When central banks started hiking short term interest rates in recent months, banks with balance sheets full of supposedly “safe” long-term treasury bonds suddenly found themselves staring at serious capital losses. But not to worry. Troubled banks can now offer up these assets as loan collateral at the Fed at purchase value instead of market value. And no one needs to know that they’re doing it. What could possibly go wrong?
https://twitter.com/JoeConsorti/status/1666946804892532738

It’s digits…not cash.
Cash is physical.
Not to worry … this is “NEW” monetary theory! Where governments can print ALL the dollars they want … to spend on all the STUPID, FAKE, things and people, err “infrastructure” they want with no ill-effect. It’s “progressive” monetary theory. And haven’t the “progressives” made everything so swell already!? Aren’t “progressive”, BLUE cities the shit? Sorry.
We need to dismiss the naysayers who believe in archaic things like the VALUE of money. Of course your neighbor will accept the same amount of devalued dollars for their services. Why would dollars ever become less valued? Our government can print all the money … digital currency it wants!
And the electorates of Western democracies keep sailing on in the SS Blissful Ignorance.
“suddenly found themselves staring at serious capital losses”
Only if they need to cash those bonds. Their market value drops significantly, but that alone does not create a cash flow issue.
A little panic and then the scramble to maintain required fractional reserves is all it takes – slowly at first, then, all of a sudden.
Yep. Deposit runs result in the underwater bonds being cashed, therefore real losses.
I think banks will learn to keep bigger cash reserves whenever interest rates may go up. Or go with shorter terms.

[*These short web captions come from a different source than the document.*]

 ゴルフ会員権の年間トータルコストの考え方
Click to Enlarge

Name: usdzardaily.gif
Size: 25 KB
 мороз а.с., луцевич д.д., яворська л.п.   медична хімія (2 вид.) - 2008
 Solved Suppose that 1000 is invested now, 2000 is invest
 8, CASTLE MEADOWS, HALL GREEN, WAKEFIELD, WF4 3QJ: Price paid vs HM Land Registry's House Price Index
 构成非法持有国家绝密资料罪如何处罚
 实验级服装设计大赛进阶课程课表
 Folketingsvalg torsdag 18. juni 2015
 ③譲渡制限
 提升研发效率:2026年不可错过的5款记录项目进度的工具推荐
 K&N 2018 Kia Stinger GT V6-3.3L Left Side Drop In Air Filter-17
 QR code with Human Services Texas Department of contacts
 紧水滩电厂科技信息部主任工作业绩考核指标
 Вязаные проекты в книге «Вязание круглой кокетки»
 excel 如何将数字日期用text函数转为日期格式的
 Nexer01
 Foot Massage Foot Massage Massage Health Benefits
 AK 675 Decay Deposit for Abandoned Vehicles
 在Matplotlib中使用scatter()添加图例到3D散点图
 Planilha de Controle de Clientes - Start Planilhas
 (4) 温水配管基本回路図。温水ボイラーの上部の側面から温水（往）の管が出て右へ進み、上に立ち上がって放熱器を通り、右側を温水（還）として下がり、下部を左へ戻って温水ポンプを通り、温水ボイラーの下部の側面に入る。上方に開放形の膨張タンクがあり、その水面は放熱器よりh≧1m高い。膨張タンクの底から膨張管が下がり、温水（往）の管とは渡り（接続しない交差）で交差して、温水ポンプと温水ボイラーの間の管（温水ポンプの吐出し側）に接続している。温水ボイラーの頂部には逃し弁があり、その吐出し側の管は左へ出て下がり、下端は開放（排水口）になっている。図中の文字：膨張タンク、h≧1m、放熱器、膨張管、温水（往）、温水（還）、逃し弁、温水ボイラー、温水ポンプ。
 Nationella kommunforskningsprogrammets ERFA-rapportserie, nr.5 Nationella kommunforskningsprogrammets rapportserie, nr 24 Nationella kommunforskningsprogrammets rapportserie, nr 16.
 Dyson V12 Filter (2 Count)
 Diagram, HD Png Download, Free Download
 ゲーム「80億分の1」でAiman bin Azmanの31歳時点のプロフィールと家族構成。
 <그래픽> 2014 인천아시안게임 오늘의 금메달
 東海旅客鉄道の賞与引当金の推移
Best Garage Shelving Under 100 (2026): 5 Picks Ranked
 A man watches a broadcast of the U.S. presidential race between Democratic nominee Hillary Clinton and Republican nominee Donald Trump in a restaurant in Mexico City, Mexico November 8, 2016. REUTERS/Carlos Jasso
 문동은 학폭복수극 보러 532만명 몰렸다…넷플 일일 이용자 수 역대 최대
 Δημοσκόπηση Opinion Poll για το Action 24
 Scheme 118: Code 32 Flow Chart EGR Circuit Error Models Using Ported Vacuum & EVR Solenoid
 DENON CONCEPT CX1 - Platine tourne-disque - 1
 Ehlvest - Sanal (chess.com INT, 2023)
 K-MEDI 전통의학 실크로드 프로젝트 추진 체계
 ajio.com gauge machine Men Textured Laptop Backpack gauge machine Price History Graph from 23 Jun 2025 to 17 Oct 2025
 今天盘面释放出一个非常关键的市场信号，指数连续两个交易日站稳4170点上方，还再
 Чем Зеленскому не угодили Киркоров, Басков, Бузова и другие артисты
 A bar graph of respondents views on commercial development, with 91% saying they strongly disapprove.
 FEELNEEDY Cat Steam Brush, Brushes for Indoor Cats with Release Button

Why would bank executives learn?
They know they’ll get bailed out, and they’ll keep their bonuses too
They take risks, cash in on the upsides, and get bailed out on the downsides.
– And if worst comes to worst, they’ll be shown the door – and then go and retire on their $100-million-plus golden parachute. After all, (1) every bank exec who was fired last time got at least that much, (2) none of them were charged and ended-up in jail for their glaring and “interested” malfeasance, and (3) whoever is brought-in to clean-up the mess won’t come to work in the first place unless they’re promised at least the same amount.
– Adjusted upwards for inflation, of course.
Amen.
alla unDORK
Try schitt like that as a private citizen.
They would “Trump” you!
Allan, that is not correct. Those bonds generate interest at a rate far below what the banks must now pay for their deposits, or lose them to money market and other short term options available. That creates the cash flow problem. The capital value of the bonds merely reflects that reality.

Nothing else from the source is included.